» Try it
Each line from the one that contains "Marianne Design - Stamps Spring - VK9645" to the last line of the records below must be restated word for word.

» Entries supplied
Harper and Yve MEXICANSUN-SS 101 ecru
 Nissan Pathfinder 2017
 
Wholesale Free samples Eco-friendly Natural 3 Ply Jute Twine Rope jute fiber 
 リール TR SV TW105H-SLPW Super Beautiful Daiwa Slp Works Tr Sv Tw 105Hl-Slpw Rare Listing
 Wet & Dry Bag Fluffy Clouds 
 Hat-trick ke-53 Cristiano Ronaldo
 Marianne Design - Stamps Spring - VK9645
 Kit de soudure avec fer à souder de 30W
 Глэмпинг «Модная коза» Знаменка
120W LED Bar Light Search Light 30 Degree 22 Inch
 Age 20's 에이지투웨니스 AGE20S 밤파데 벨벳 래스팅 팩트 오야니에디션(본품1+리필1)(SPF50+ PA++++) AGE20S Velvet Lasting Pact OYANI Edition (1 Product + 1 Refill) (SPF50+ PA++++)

» The completed task
 Marianne Design - Stamps Spring - VK9645
 Kit de soudure avec fer à souder de 30W
 Глэмпинг «Модная коза» Знаменка
120W LED Bar Light Search Light 30 Degree 22 Inch
 Age 20's 에이지투웨니스 AGE20S 밤파데 벨벳 래스팅 팩트 오야니에디션(본품1+리필1)(SPF50+ PA++++) AGE20S Velvet Lasting Pact OYANI Edition (1 Product + 1 Refill) (SPF50+ PA++++)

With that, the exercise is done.